From the data below, return only the lines from the one with "Hostal Residencia Damia Bonet" through the one with "2030 N Altadena Dr — Photo 21", exact and inclusive, with pictures left out.

Records shown ->
-- Opening Marker --

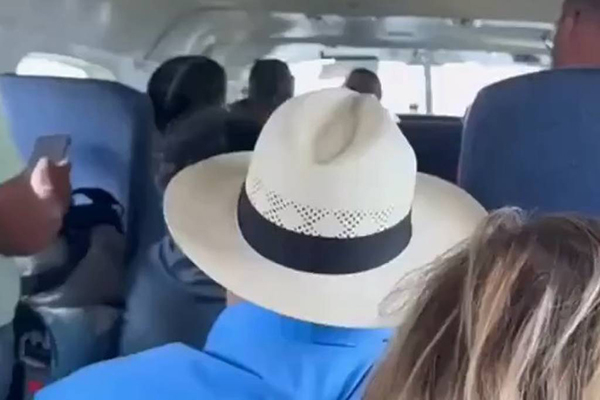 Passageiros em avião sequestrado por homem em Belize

-- Closing Marker --
-- Opening Marker --

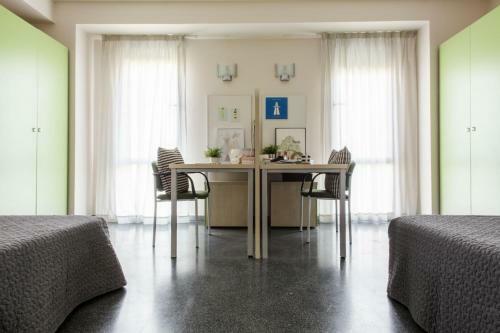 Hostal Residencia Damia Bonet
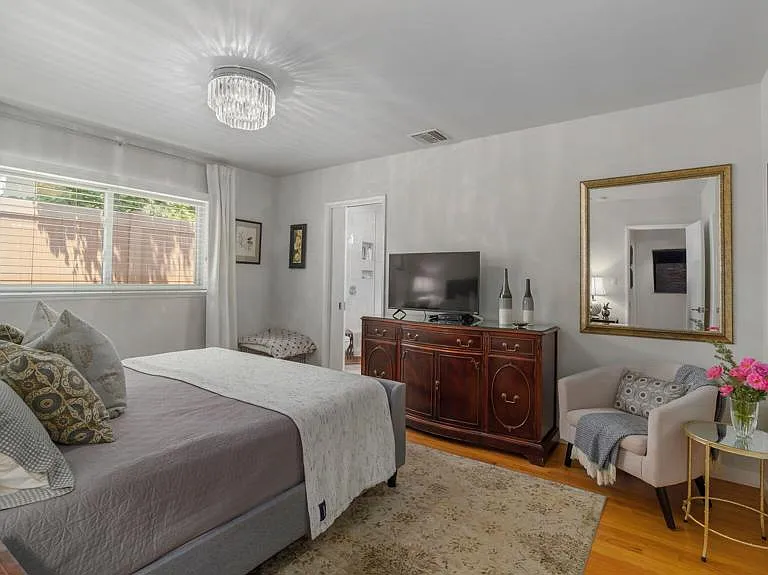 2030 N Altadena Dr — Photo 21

-- Closing Marker --
-- Opening Marker --

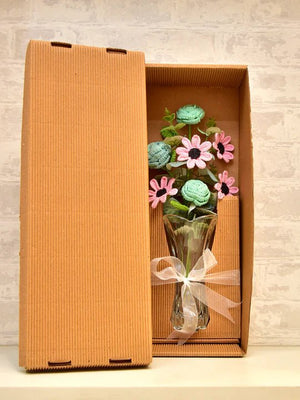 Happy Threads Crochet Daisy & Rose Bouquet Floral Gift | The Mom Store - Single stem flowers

-- Closing Marker --

Response to the task ->
 Hostal Residencia Damia Bonet
 2030 N Altadena Dr — Photo 21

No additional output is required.